Chardonnay—Classic white French wine grape grown in Burgundy where it is the principle grape of Champagne and Chablis wines. However, a “glass of Chardonnay” in the U.S. is almost synonymous with a generic “glass of white wine.” White Burgundy must be Chardonnay unless it says so. Chardonnay takes oak well, which is unusual for white wines, and California Chardonnays are typically aged in oak barrels. Thus, it can be quite versatile, and may be just about any flavor depending on the duration of barrel aging and whether it is aged in stainless steel or full oak barrels. Chardonnay also ages well in the bottle, though it will not age as long as reds.

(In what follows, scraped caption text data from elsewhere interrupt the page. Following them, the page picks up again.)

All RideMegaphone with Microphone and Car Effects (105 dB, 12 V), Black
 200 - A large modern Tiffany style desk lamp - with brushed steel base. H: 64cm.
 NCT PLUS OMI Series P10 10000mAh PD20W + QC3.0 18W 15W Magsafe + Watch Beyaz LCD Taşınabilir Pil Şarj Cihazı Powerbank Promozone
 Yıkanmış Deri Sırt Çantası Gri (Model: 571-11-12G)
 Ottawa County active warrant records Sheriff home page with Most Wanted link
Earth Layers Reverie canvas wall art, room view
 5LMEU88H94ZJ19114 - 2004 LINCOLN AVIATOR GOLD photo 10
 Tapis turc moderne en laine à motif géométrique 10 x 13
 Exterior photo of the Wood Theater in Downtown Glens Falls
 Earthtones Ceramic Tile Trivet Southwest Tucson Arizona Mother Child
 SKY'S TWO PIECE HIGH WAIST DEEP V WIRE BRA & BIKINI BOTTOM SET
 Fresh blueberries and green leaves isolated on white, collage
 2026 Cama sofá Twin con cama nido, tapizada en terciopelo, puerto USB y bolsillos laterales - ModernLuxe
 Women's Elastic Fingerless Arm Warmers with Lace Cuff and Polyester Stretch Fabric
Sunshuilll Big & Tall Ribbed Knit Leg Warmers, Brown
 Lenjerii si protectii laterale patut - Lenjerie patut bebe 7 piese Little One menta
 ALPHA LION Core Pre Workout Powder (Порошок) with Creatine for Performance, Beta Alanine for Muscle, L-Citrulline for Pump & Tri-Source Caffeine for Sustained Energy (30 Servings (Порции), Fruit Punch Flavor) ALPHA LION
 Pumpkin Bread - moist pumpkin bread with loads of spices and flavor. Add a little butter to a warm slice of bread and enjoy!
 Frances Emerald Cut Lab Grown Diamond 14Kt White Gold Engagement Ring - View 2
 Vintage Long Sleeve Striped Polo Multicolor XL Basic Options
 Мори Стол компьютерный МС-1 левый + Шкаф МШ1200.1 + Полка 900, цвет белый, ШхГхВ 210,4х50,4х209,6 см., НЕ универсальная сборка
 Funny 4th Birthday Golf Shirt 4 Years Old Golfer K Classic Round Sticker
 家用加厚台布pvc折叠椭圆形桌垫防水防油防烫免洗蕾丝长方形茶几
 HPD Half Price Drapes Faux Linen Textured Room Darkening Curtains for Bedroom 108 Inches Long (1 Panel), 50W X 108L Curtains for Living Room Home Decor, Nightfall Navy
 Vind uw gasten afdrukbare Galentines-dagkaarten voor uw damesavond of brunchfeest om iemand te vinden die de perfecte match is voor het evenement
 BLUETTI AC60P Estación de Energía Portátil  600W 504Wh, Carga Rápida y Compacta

It likes cool climate, has a good acid balance, and is naturally higher in alcohol than most wines.
That being said, way back when in the late 1970s here in El Dorado County, Chardonnay was a must plant variety and so we did with cuttings from both Boeger’s steep north-facing block right next to the winery and the Stonebarn Vineyard hilltop. Did we or do we expect to make the world’s best Chardonnay? No, but good respectable Chardonnay is always within our reach as long as we make Chardonnay in a style that best fits our fruit, grown in our soil, under our climate and not force some other region’s cookbook recipe for Chardonnay.
So, what do we do that’s different?
First, I want to harvest all the freshness I can by picking at about 23–24 brix when there are both green and golden berries present.
Second with the help of a temperature controlled cold fermentation in SS tank with an exciting yeast or two, I capture both the aromas, esters and fruit flavors of the grape.
Third, when fermentation is near complete after 3–4 weeks, I rack the new wine off its gross lees and into a combination of 50% brand new toasted oak barrels and the other 50% in more neutral barrels or SS drums to age.
Fourth, after blending trials, the wine is blended and slightly acid adjusted if necessary, cold and heat stabilized with chilling and bentonite clay, filtered and bottled quickly to retain all that is good about our Chardonnay.
We come along way since I started making Chardonnay and our new vintages consistently show we’ve found our way with this Queen of White Wines (sometimes we actually call it the Queen’s Gold). And for the humble price of $12, I challenge you to find a hand-crafted Chardonnay of better value.